═════ LISTED ENTRIES ═════

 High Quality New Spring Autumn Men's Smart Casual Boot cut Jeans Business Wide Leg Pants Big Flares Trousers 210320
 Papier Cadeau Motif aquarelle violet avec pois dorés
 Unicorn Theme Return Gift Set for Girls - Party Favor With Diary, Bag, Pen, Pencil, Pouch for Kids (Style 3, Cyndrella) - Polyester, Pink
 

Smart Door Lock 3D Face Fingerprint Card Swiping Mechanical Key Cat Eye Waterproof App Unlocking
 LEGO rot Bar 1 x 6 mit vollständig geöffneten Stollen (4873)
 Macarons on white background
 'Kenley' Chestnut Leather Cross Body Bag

═════
═════ LISTED ENTRIES ═════

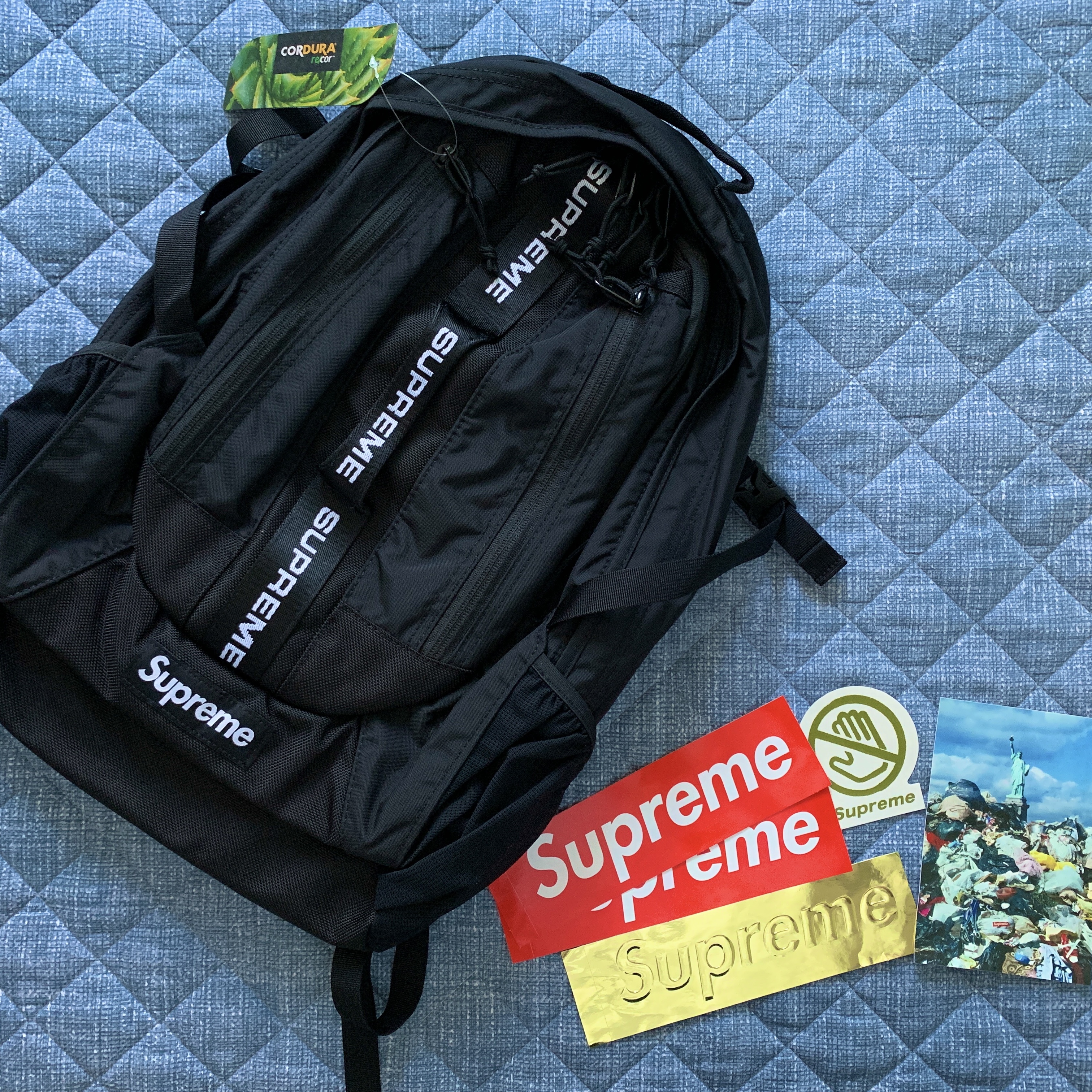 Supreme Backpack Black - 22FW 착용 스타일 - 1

═════

**ACTION ITEM:** Copy verbatim, from the listing above, each line from the one containing "High Quality New" down to the one containing "Cross Body Bag", inclusive.

**EXERCISE ANSWER:**
 High Quality New Spring Autumn Men's Smart Casual Boot cut Jeans Business Wide Leg Pants Big Flares Trousers 210320
 Papier Cadeau Motif aquarelle violet avec pois dorés
 Unicorn Theme Return Gift Set for Girls - Party Favor With Diary, Bag, Pen, Pencil, Pouch for Kids (Style 3, Cyndrella) - Polyester, Pink
 

Smart Door Lock 3D Face Fingerprint Card Swiping Mechanical Key Cat Eye Waterproof App Unlocking
 LEGO rot Bar 1 x 6 mit vollständig geöffneten Stollen (4873)
 Macarons on white background
 'Kenley' Chestnut Leather Cross Body Bag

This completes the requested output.